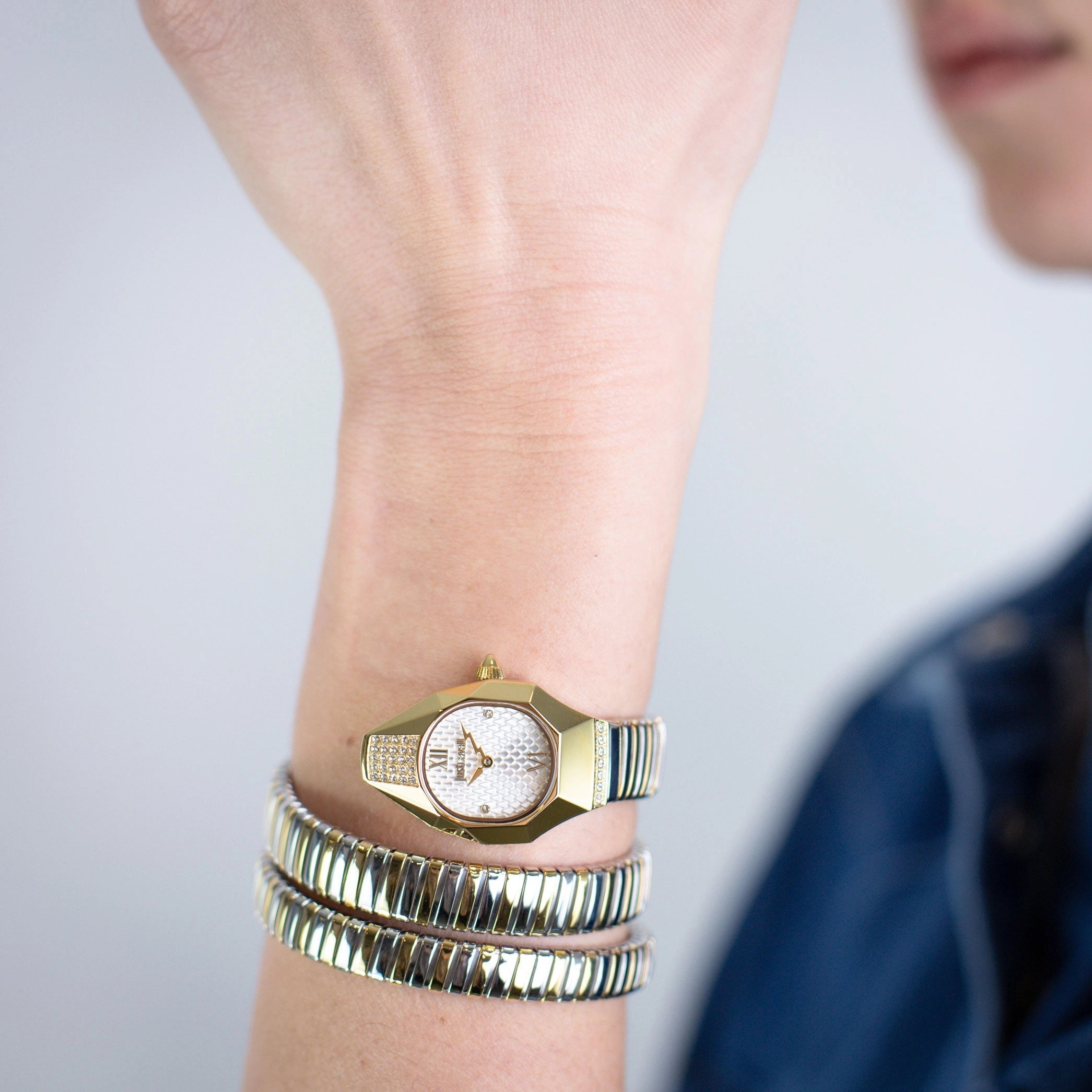 Just Cavalli Lunara Silver Yellow Gold Silver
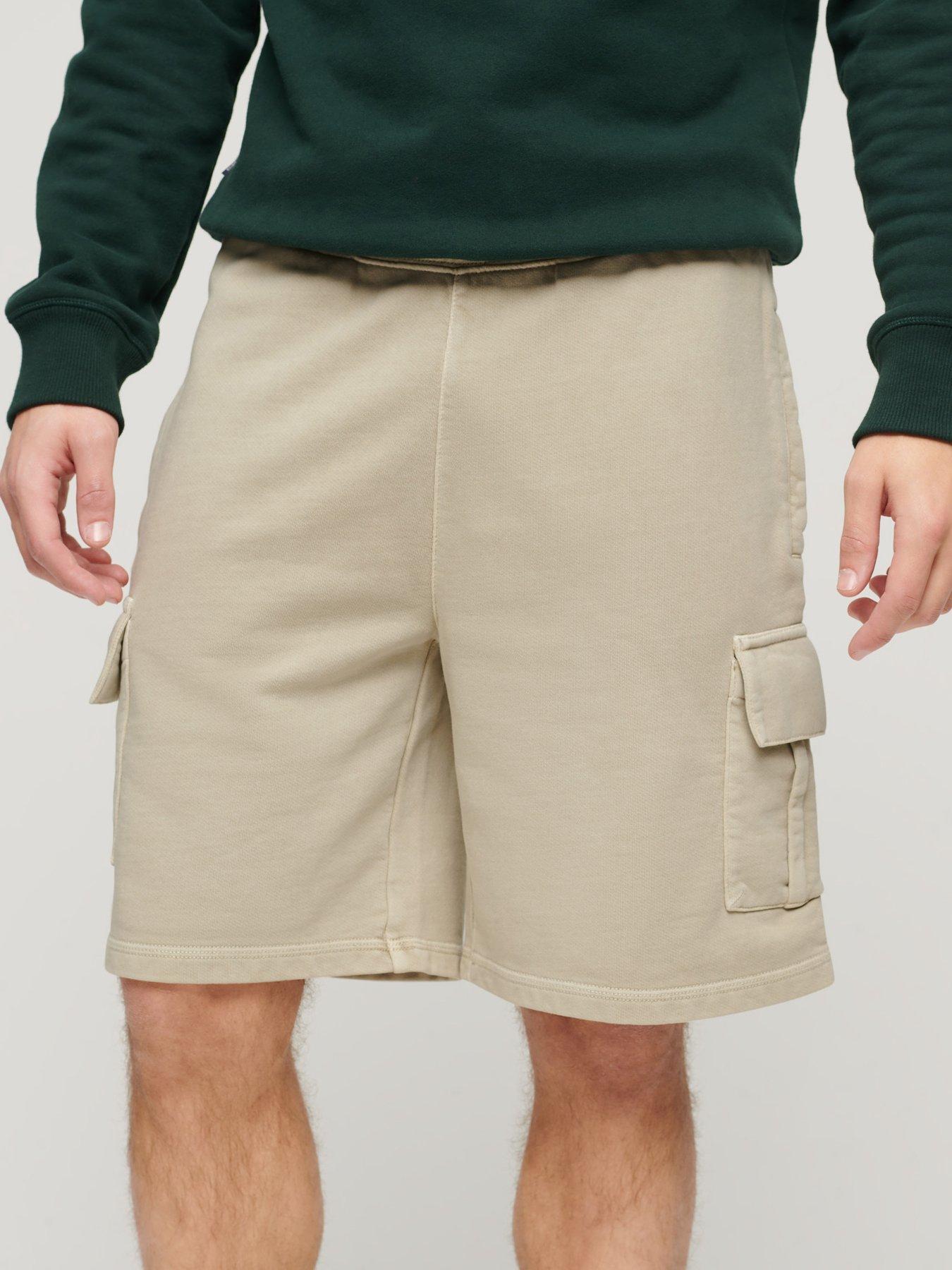 superdry-superdry-contrast-stitch-cargo-shorts-beigefront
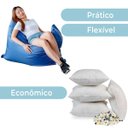 Ver imagem 2 de 50 Litros Flocos de Espuma para Enchimento Almofada Puff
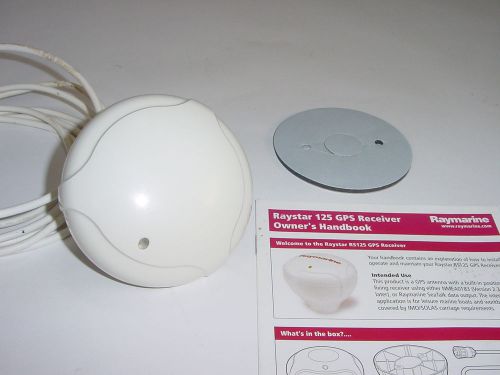 Raytheon raymarine raystar 125 rs125 marine gps antenna &amp; 10' cable - e32042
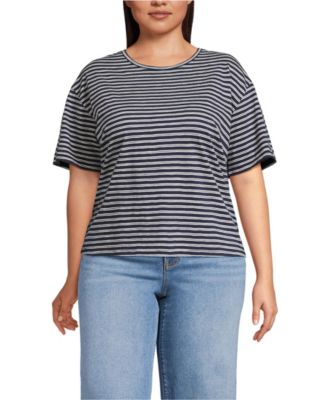Plus Size Short Sleeve Slub Jersey T-Shirt
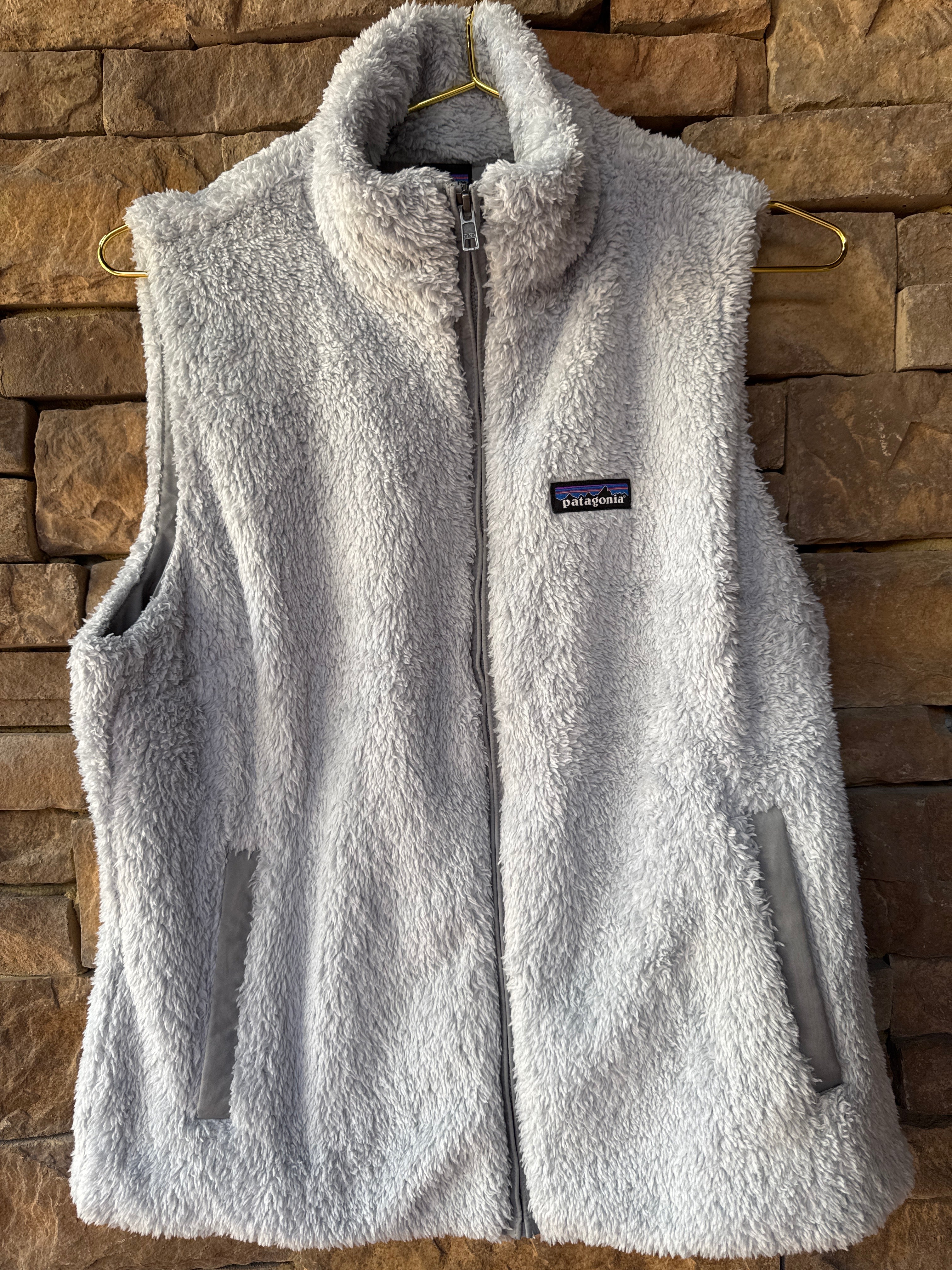 Patagonia Grey Fleece Vest L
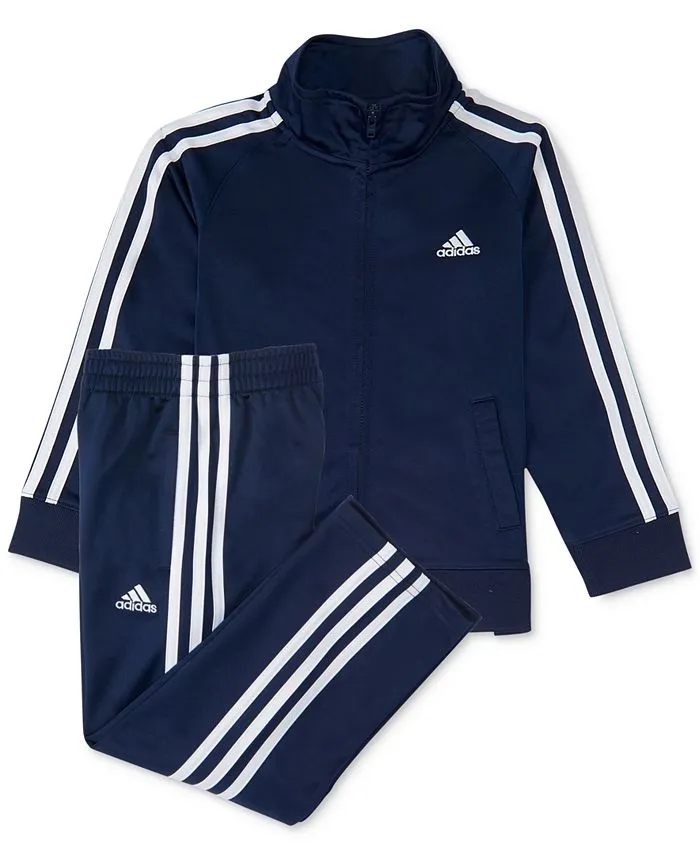 Baby Boys Three Stripe Tracksuit adidas 2 piece set, blue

=======

WHAT IS BEING ASKED:
Repeat exactly the lines from the one containing "Plus Size Short Sleeve Slub Jersey T-Shirt" to the last line of the data above, both included, and write no pictures into the copy.

PROBLEM SOLUTION:
Plus Size Short Sleeve Slub Jersey T-Shirt
 Patagonia Grey Fleece Vest L
 Baby Boys Three Stripe Tracksuit adidas 2 piece set, blue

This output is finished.